Comment 1 Miroslav Lichvar 2016-07-29 09:05:00 UTC

The problem is in the leap_alarm flag, i.e. ntpd is reporting it's not synchronized. The reason for that is the initial clock step, after which ntpd enters a state in which it measures the frequency of the clock and this takes about 900 seconds (it can be configured with the tos stepout command). This prevents ntpd from constantly stepping when the frequency has changed so much that the loop is not able to lock.

You can prevent the initial step by enabling the ntpdate service, so the offset is close to zero when ntpd starts. Or you can switch to chrony, which doesn't suffer from these problems.

Comment 2 Ian Wienand 2016-07-31 23:28:55 UTC

Forgive me for reopening ... I just can't quite correlate your explanation to why after a restart of the ntpd service, ntp-wait (i.e. really just thin wrapper around ntpq -pcrv) returns instantly?

The difference to me is that the first time ntpd starts up, the network is not yet ready (host not found stuff) and then it detects the interfaces and starts, while after the restart the network is up right away.  Does the first invocation get stuck in this loop because the network isn't there, but restarting, it never needs to go into it?

Or ... maybe something like the first invocation of ntpd has brought the clock closer to reality, and so the second time it starts up it can just jump to the new time without stepping?

Some context; some CI jobs recently replaced "ntpdate" calls based on the premise that ntpdate was deprecated [1].  This has lead to very long timeouts for some centos jobs as they make ntp-wait calls.  I could just put a "service ntpd restart" in the script before the ntp-wait call, but that seems wrong...

[1] https://review.openstack.org/#/c/299677

Comment 3 Miroslav Lichvar 2016-08-01 07:03:22 UTC

This is not related to network connection. This is about the initial offset and the state of the ntpd's loop. When the initial offset is larger than 0.128s, ntpd will step the clock and then it will wait for at least 900 seconds (in default configuration) before it reports it's in the synchronized state.

If the initial offset is smaller than 0.128s, it will not step the clock and will go straight to the synchronized state. One way to make sure the initial offset is small is to run ntpdate before ntpd. In Fedora/RHEL/CentOS you can enable the ntpdate service. You shouldn't need to restart ntpd, that's generally a bad idea.

Does this help?

Comment 4 Ian Wienand 2016-08-01 09:14:22 UTC

Ahh, I think I see what happens -- on the first start, the sync is more than 0.128s so it steps the clock and puts it into the wait, which holds up ntp-wait

When I kill ntpd & restart it, the clock is now actually basically in sync so the 900s synchronize doesn't kick in?

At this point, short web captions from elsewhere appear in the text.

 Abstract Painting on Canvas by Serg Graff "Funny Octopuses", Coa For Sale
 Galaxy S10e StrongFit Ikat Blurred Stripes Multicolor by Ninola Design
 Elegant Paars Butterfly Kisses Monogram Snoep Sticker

Comment 5 Miroslav Lichvar 2016-08-01 09:20:38 UTC

Yes. By restarting ntpd you make it forget it has stepped the clock. In this case it helps, but in some other cases (e.g. wrong value in the driftfile) it would not.

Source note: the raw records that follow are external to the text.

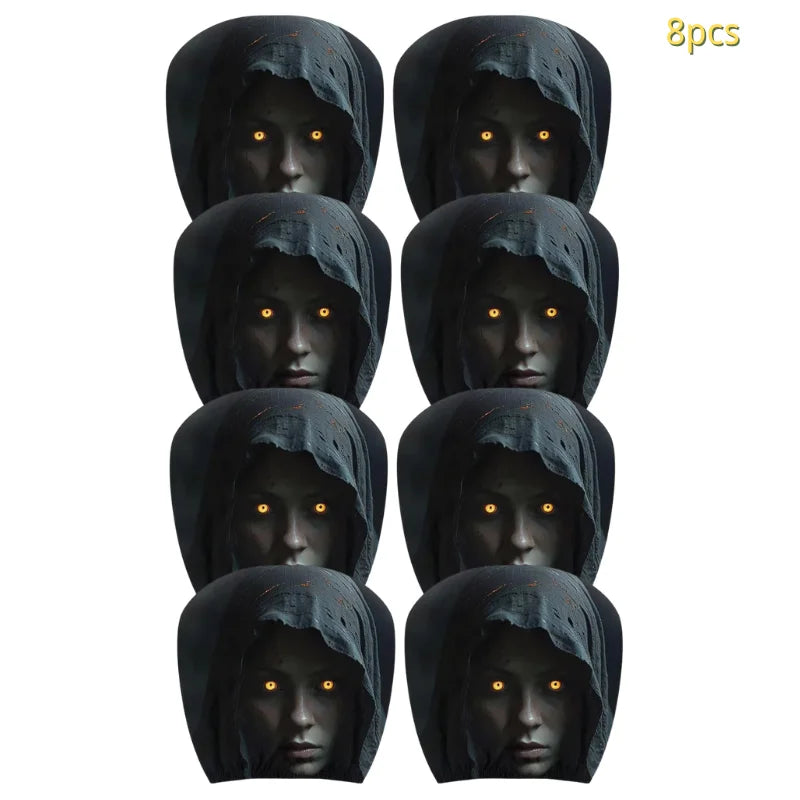 2/4pcs Halloween Scary Reaper Lady Print Car Headrest Covers Horror Style Vehicle Seat Head Cover Halloween Party Car Decoration
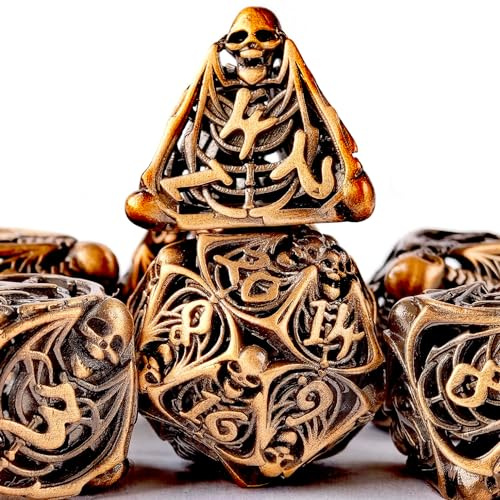Set di dadi in metallo D&D, poliedro cavo DND 7 pezzi Dungeons and Dragons dadi in metallo stile teschio, adatti per giochi di ruolo come Pathfinder RPG Shadow Run DND set di dadi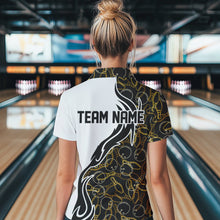 Load image into Gallery viewer, Black And Yellow Pattern Custom Bowling Team Women Quarter-Zip Shirts, Bowling League Shirt IPHW8868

Comment 6 Ian Wienand 2016-08-01 10:02:05 UTC

Thanks, that makes sense.

I guess the confusion comes from running the ntpdate service, which everything says is deprecated but after more research I find doesn't actually call ntpdate.

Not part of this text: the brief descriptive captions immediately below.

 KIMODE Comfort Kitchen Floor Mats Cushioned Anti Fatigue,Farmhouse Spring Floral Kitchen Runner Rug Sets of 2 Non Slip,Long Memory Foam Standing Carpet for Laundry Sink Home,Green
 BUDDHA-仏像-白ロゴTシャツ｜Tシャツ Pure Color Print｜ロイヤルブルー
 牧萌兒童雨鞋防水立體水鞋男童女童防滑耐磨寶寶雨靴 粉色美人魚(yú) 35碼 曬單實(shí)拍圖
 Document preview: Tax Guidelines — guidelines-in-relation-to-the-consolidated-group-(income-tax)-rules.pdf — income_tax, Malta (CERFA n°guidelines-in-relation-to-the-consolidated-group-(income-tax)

Probably our CI testing is just very vulnerable to this -- since we boot fresh vm's constantly and never reuse anything, we seem likely to be out more than 0.128s each time.  Again i guess the answer is something like "short-lived CI vm's are more like dial-up boxes and chronyd is a better choice than ntpd which is for long-lived servers".

Comment 7 Miroslav Lichvar 2016-08-01 10:33:31 UTC

Yes, ntp upstream has deprecated ntpdate a long time ago, but it's still included in their latest releases. As a replacement they suggest to use sntp or "ntpd -q". On Fedora you can use the sntp service.

As a long-term solution it's probably best to switch to chrony. It's the default NTP client in Fedora/RHEL and it can synchronize the clock much faster than ntpd. In scripts you can use "chronyc waitsync" if you need to wait until the clock is synchronized.